▸ **WHAT YOU ARE ASKED TO DO**: Print the listing below verbatim, passing over each picture.

▸ **DATASET RECORDS**:
########################################
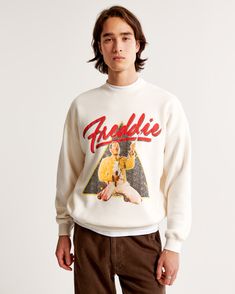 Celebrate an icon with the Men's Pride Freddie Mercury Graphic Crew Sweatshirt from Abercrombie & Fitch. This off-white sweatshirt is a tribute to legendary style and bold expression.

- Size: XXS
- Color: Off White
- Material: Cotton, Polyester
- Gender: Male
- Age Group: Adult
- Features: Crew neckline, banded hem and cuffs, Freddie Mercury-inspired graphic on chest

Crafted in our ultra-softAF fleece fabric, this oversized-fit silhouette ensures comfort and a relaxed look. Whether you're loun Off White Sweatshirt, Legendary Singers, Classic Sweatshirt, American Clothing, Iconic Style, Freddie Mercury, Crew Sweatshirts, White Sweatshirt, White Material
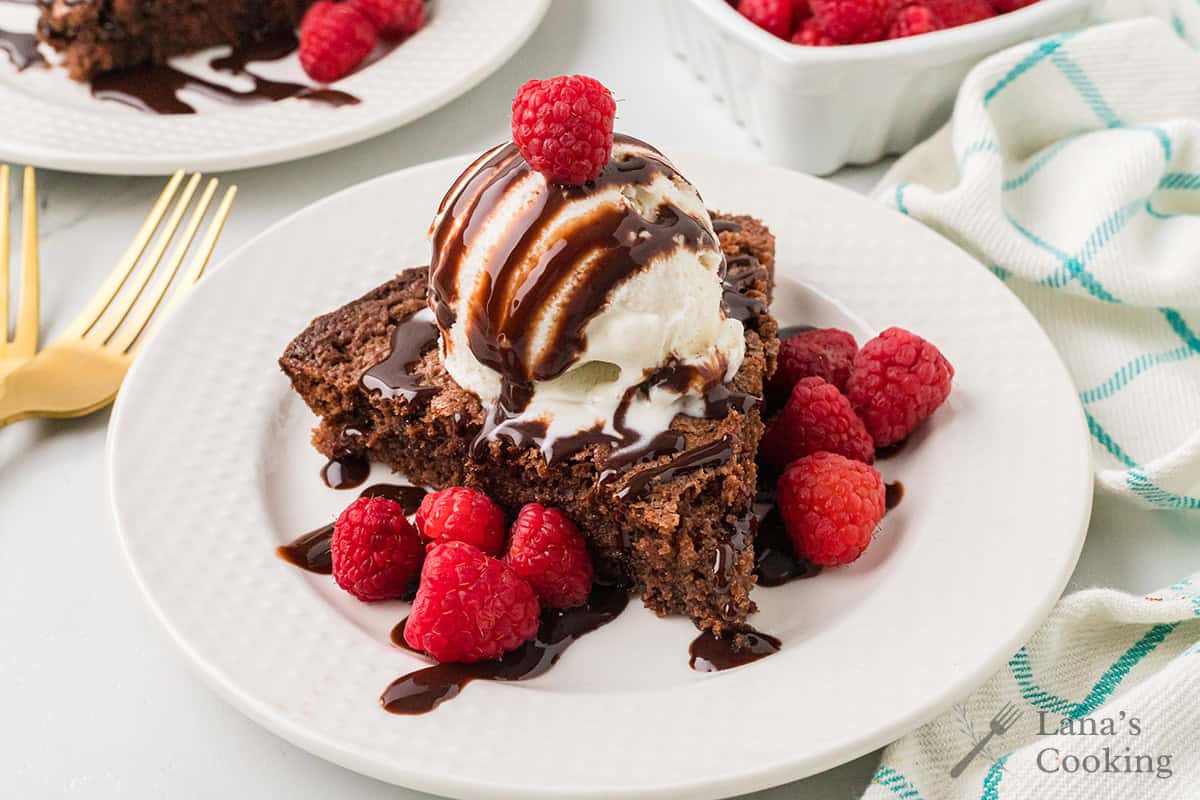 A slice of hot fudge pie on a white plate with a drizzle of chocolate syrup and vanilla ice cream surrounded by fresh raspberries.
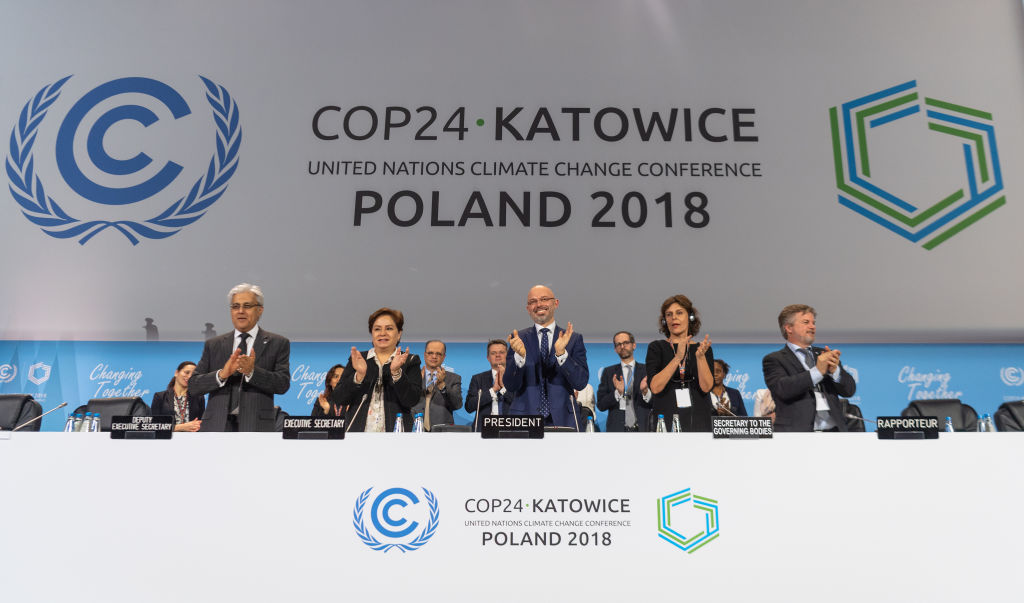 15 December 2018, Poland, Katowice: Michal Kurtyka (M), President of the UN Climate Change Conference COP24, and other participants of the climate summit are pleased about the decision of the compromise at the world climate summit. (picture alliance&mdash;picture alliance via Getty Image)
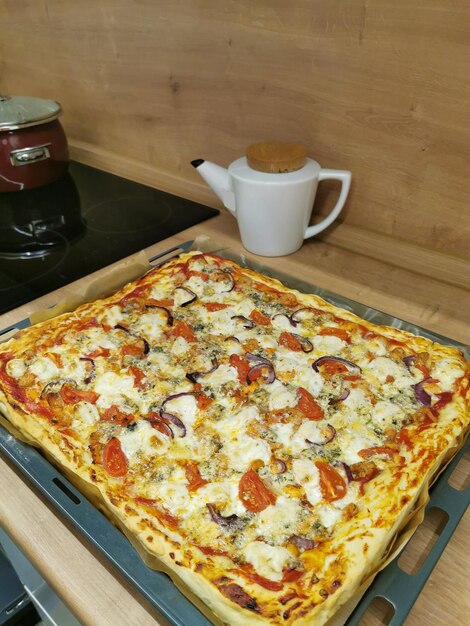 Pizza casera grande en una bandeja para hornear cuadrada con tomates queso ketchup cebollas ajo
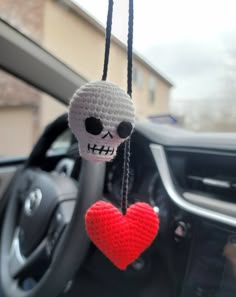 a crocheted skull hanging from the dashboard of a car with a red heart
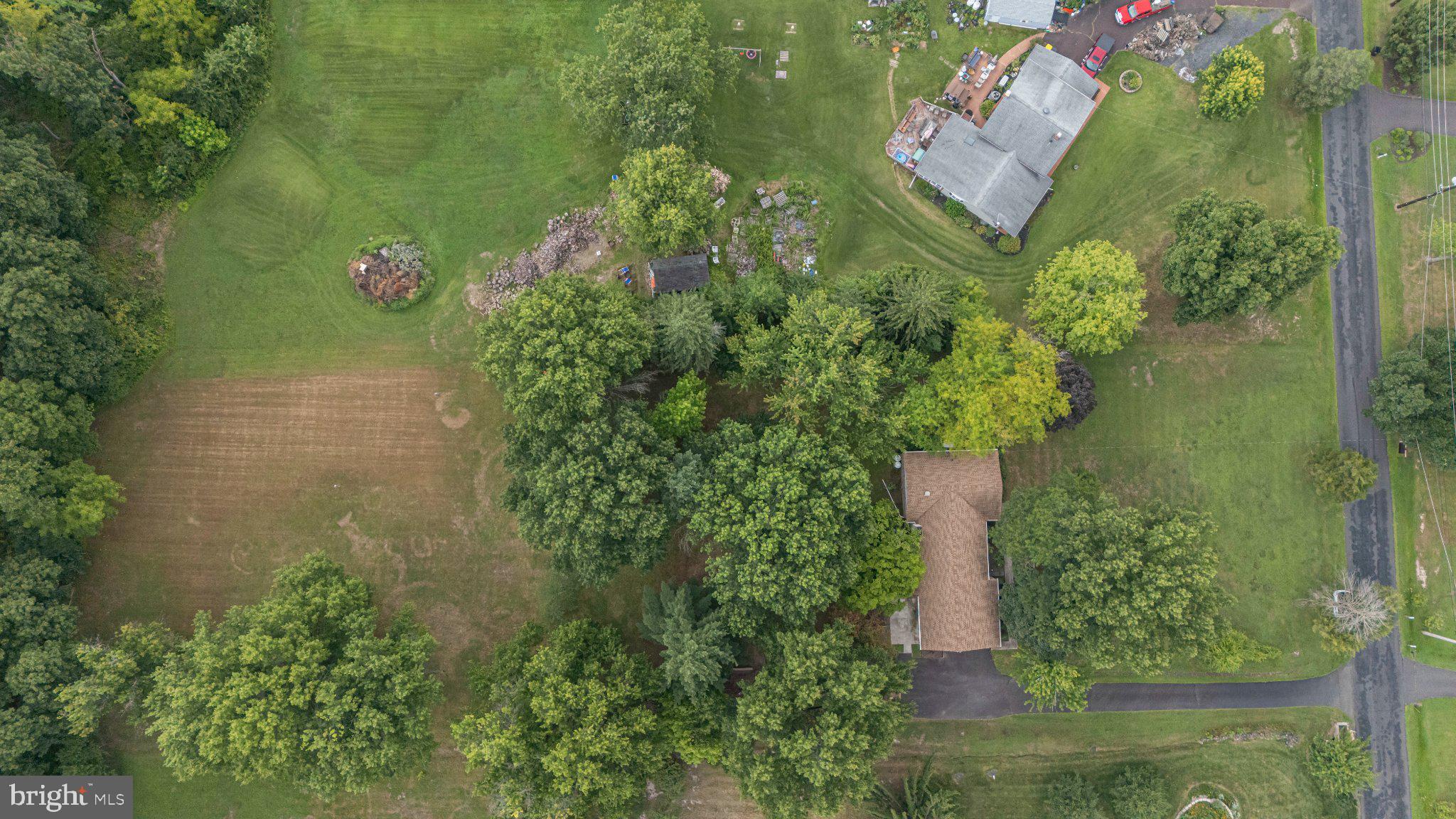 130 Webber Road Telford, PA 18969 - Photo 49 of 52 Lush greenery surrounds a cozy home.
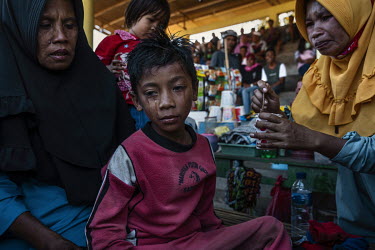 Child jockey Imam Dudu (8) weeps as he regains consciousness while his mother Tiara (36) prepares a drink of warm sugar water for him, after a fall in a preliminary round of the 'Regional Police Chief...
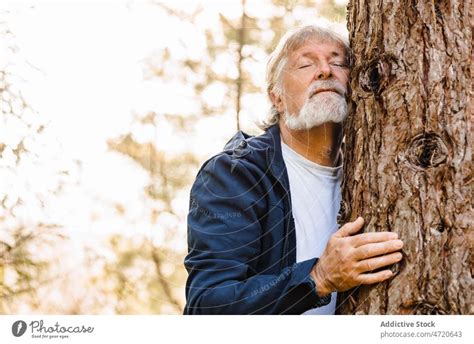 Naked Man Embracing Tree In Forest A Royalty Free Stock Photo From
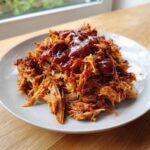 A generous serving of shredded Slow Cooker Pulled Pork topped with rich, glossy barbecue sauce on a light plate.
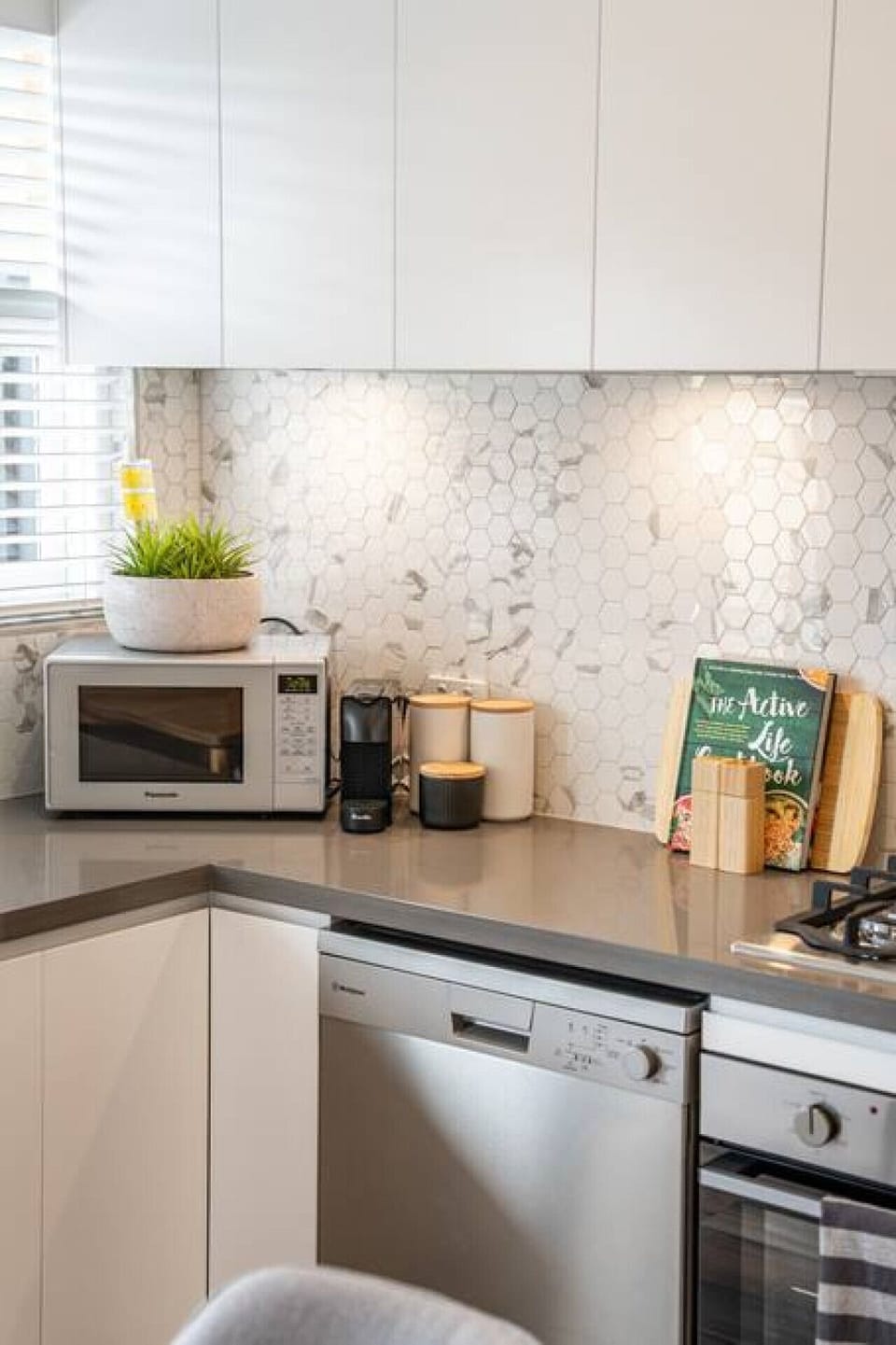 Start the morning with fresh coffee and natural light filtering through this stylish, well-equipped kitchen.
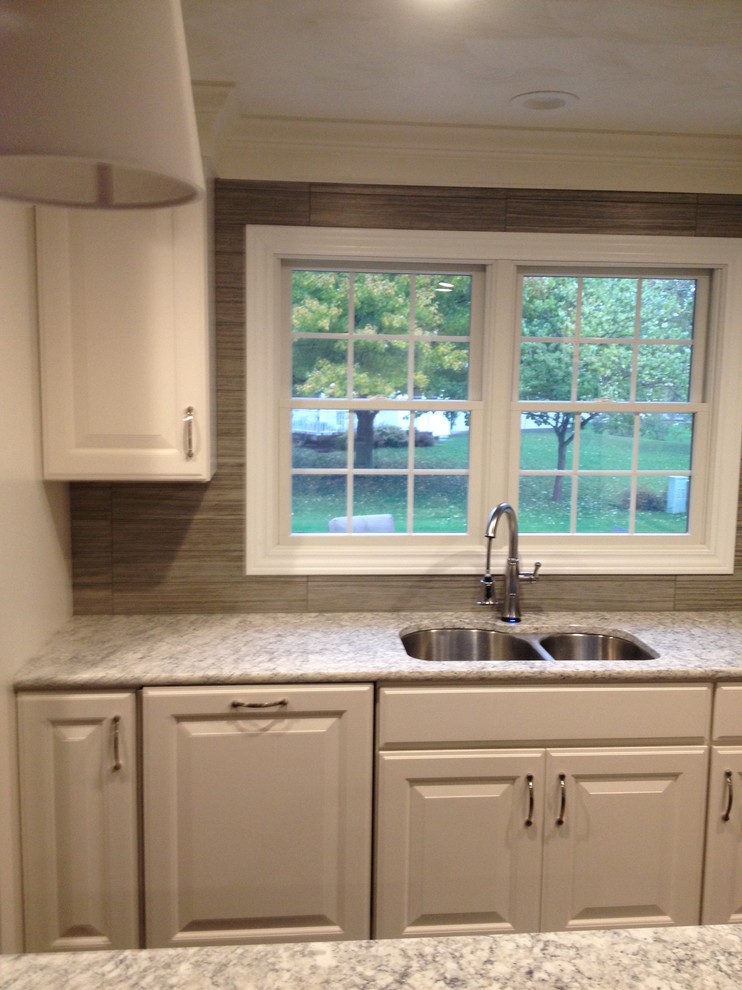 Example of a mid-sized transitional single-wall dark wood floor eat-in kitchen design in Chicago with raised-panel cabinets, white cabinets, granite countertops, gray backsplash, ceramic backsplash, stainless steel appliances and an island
########################################
▸ **RESPONSE**:
 Celebrate an icon with the Men's Pride Freddie Mercury Graphic Crew Sweatshirt from Abercrombie & Fitch. This off-white sweatshirt is a tribute to legendary style and bold expression.

- Size: XXS
- Color: Off White
- Material: Cotton, Polyester
- Gender: Male
- Age Group: Adult
- Features: Crew neckline, banded hem and cuffs, Freddie Mercury-inspired graphic on chest

Crafted in our ultra-softAF fleece fabric, this oversized-fit silhouette ensures comfort and a relaxed look. Whether you're loun Off White Sweatshirt, Legendary Singers, Classic Sweatshirt, American Clothing, Iconic Style, Freddie Mercury, Crew Sweatshirts, White Sweatshirt, White Material
 A slice of hot fudge pie on a white plate with a drizzle of chocolate syrup and vanilla ice cream surrounded by fresh raspberries.
 15 December 2018, Poland, Katowice: Michal Kurtyka (M), President of the UN Climate Change Conference COP24, and other participants of the climate summit are pleased about the decision of the compromise at the world climate summit. (picture alliance&mdash;picture alliance via Getty Image)
 Pizza casera grande en una bandeja para hornear cuadrada con tomates queso ketchup cebollas ajo
 a crocheted skull hanging from the dashboard of a car with a red heart
 130 Webber Road Telford, PA 18969 - Photo 49 of 52 Lush greenery surrounds a cozy home.
 Child jockey Imam Dudu (8) weeps as he regains consciousness while his mother Tiara (36) prepares a drink of warm sugar water for him, after a fall in a preliminary round of the 'Regional Police Chief...
 Naked Man Embracing Tree In Forest A Royalty Free Stock Photo From
 A generous serving of shredded Slow Cooker Pulled Pork topped with rich, glossy barbecue sauce on a light plate.
 Start the morning with fresh coffee and natural light filtering through this stylish, well-equipped kitchen.
 Example of a mid-sized transitional single-wall dark wood floor eat-in kitchen design in Chicago with raised-panel cabinets, white cabinets, granite countertops, gray backsplash, ceramic backsplash, stainless steel appliances and an island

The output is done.